- **PROBLEM TO WORK ON**: Leaving out the pictures, return word for word the stretch of entries below from the line holding "Salvatore Ferragamo Ballerinas" through the line holding "2021 RAM 1500 BIG HORN/LONE STAR 5".

- **RECORD EXCERPTS**:
┄┄┄┄┄┄

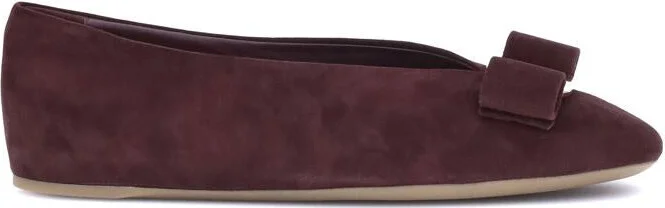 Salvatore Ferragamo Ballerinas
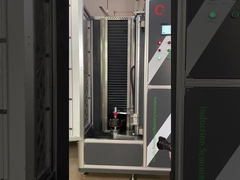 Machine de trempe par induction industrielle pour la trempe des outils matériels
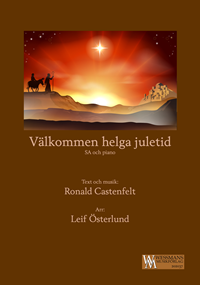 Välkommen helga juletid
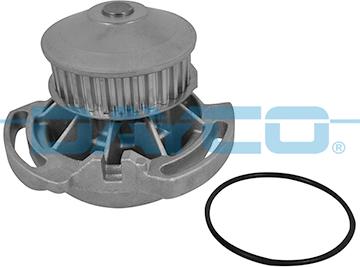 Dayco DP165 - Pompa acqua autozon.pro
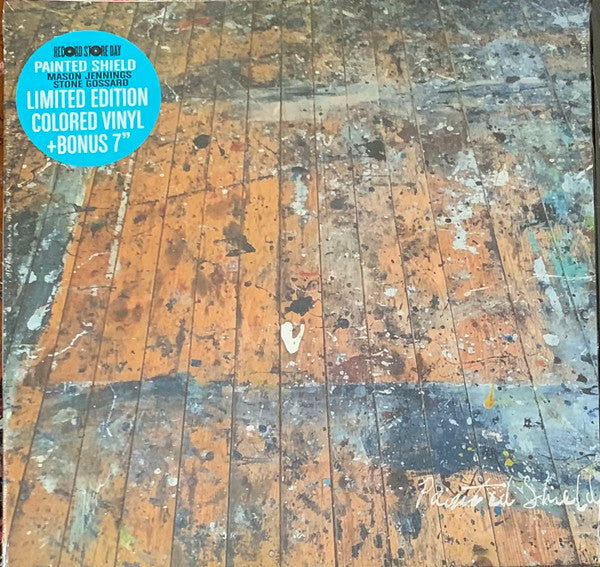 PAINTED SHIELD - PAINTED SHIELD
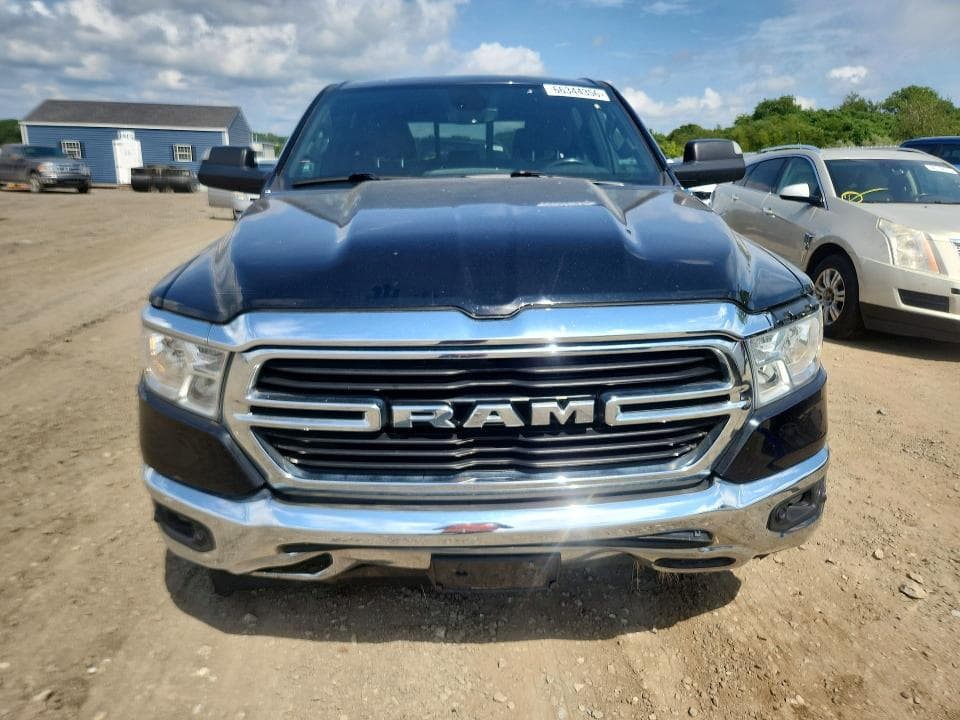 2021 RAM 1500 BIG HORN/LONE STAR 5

┄┄┄┄┄┄

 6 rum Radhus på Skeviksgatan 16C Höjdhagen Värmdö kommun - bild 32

┄┄┄┄┄┄

- **WRITTEN REPLY**:
 Salvatore Ferragamo Ballerinas
 Machine de trempe par induction industrielle pour la trempe des outils matériels
 Välkommen helga juletid
 Dayco DP165 - Pompa acqua autozon.pro
 PAINTED SHIELD - PAINTED SHIELD
 2021 RAM 1500 BIG HORN/LONE STAR 5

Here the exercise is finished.